Playground swings are no longer as fun since manufacturers have shortened the rope to prevent high velocity and now parents will strap you in like a pilot. Where is the thrill of youthful daredevil inventiveness going, I ask? My cousin famously broke his arm as a child on our playground swing and he is much the better for it. He bacame a far more sensitive soul once he had to be confined to a cast and realized his limitations and the wisdom of the repeated warnings of his parents and entire family. Actually it was the traditional healers of his father's village of Taviefe in the Volta region of Ghana who set his arm in place, armed with their inimitable herbs and centuries-old experience. We turned to tradition as opposed to modernity. A great respect for tradition and confidence in his roots was fostered in this experiece. Certainly in family lore we all know better where we come from.

roots


I can't imagine my Auntie Grace filing a lawsuit against the swing manufacturer, or her sister in whose backyard the great swing was to be found, or perhaps even her nephew, me, who was in attendance at the fateful fall and who didn't intervene. That however is the degenerate kind of thing that would happen, and does happen fairly frequently in the US where the ties of family and societal culture are sometimes loosened into anomie.

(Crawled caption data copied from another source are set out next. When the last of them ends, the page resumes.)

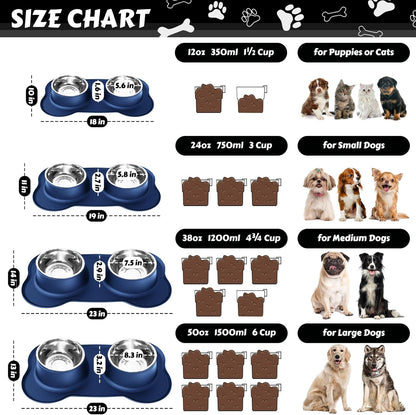 AsFrost Dog Food Bowls Stainless Steel & Water Dish with No-Spill and Non-Skid, Feeder Bowls with Dog Food Dish for Small Medium Large Size,Dogs,Cats,Puppy Pets, Black, 12oz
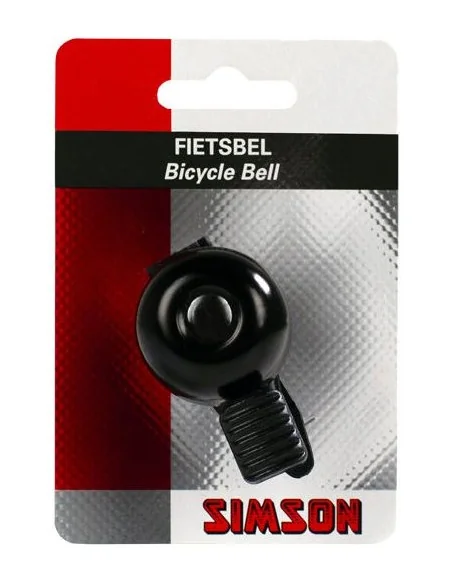 Fietsbel Simson Mini met flex-band bevestiging - zwart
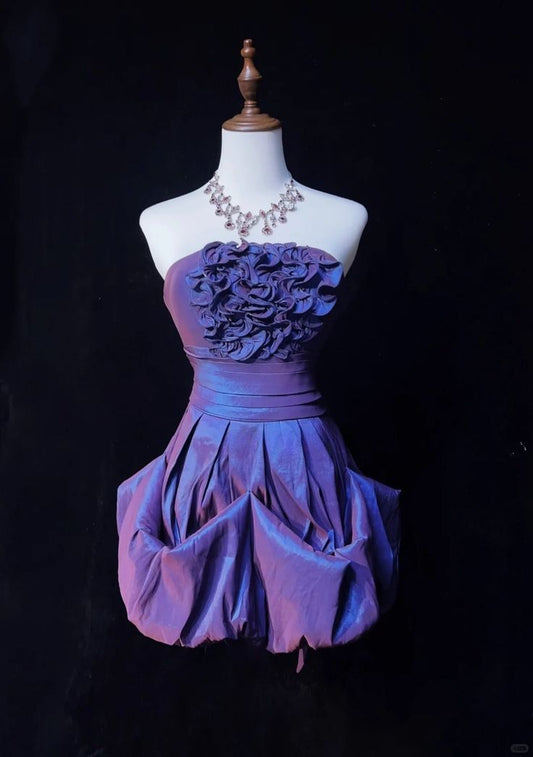Vintage A Line Strapless Flower Purple Satin Mini Homecoming Dress Cocktail Dress SH3313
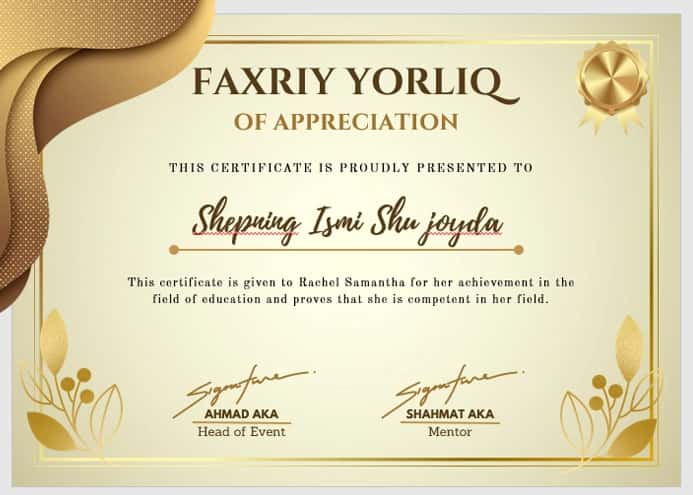 Faxriy yorliq shablon tayyori andoza 1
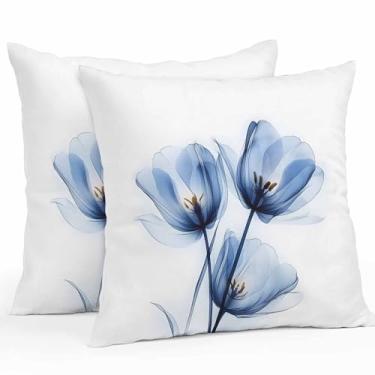 Imagem de Futuregrace Capas de travesseiro à prova d'água, pacote com 2, arte abstrata, azul, tulipa floral, raio, zíper, capas de travesseiro ideais para sofá, acampamento, pátio, decoração de casa, 45,72 cm x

There are already far too many emails emanating from corporate accounts with noxious disclaimers, clogging up mailing lists everywhere and causing comprehension problems. They are a public nuisance and there is no reason to add further disclaimers to the mix.

As you might have guessed, I dissent on that front, my Blogger profile simply says "Oh, and I work at Lotus/IBM". The Girlfriend Fiancée says that that tag line is "a little unprofessional" but it wasn't chosen without care. This joint is an individual one, this is a someone's voice you are hearing, engaging and thinking aloud in public conversation.

I think that suffices. What do you think?

Update: My friend Justin adds some Mediocre Indian Cuisine to the advertising mix. Join me in welcoming another jaundiced Lotus/IBMer to the blogosphere. He started the blog before these newfangled stamp of approval thingimijigs were published and we are all the better for it.

There is another post lurking about where and how people at IBM blog, but that's another conversation for another early morning, right Tessa?